BRIEF DESCRIPTION OF THE DRAWINGS
[0004] The accompanying drawings, which are incorporated in and
constitute a part of the specification, illustrate various example
methods, apparatuses, and other example embodiments of various
aspects of the invention described herein. It will be appreciated
that the illustrated element boundaries (e.g., boxes, groups of
boxes, other shapes) in the figures represent one example of the
boundaries of the elements. One of ordinary skill in the art will
appreciate that in some examples one element may be designed as
multiple elements or that multiple elements may be designed as one
element. In some examples, an element shown as an internal
component of another element may be implemented as an external
component and vice versa. Furthermore, elements may not be drawn to
scale.
[0005] FIG. 1 illustrates a storage associated with an extent-based
file system, where the storage has an allocated area and an
unallocated area.
[0006] FIG. 2 illustrates data structures associated with
defragmenting free space in a storage associated with an
extent-based file system.
[0007] FIG. 3 illustrates a data structure associated with
defragmenting free space in a storage associated with an
extent-based file system.
[0008] FIG. 4 illustrates allocated areas and unallocated areas in
a storage associated with an extent-based file system.

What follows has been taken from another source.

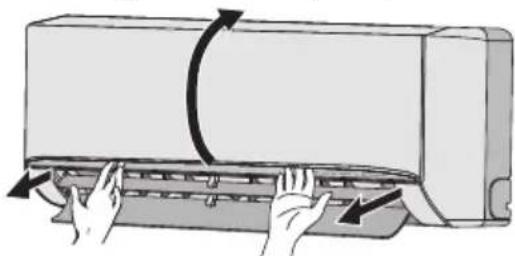 PANASONIC CU-HZ25WKE5 - Avlägsna frontpanelen Stäng den ordentligt - 1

[0009] FIG. 5 illustrates allocated areas and unallocated areas in
a storage associated with an extent-based file system.
[0010] FIG. 6 illustrates allocated areas and unallocated areas in
a storage associated with an extent-based file system.
[0011] FIG. 7 illustrates a flowchart of a method associated with
defragmenting free space in a storage associated with an
extent-based file system.
[0012] FIG. 8 illustrates a flowchart of a method associated with
defragmenting free space in a storage associated with an
extent-based file system.
[0013] FIG. 9 illustrates an apparatus configured to defragment
free space in a storage associated with an extent-based file
system.
[0014] FIG. 10 illustrates allocated areas and unallocated areas in
a storage associated with an extent-based file system.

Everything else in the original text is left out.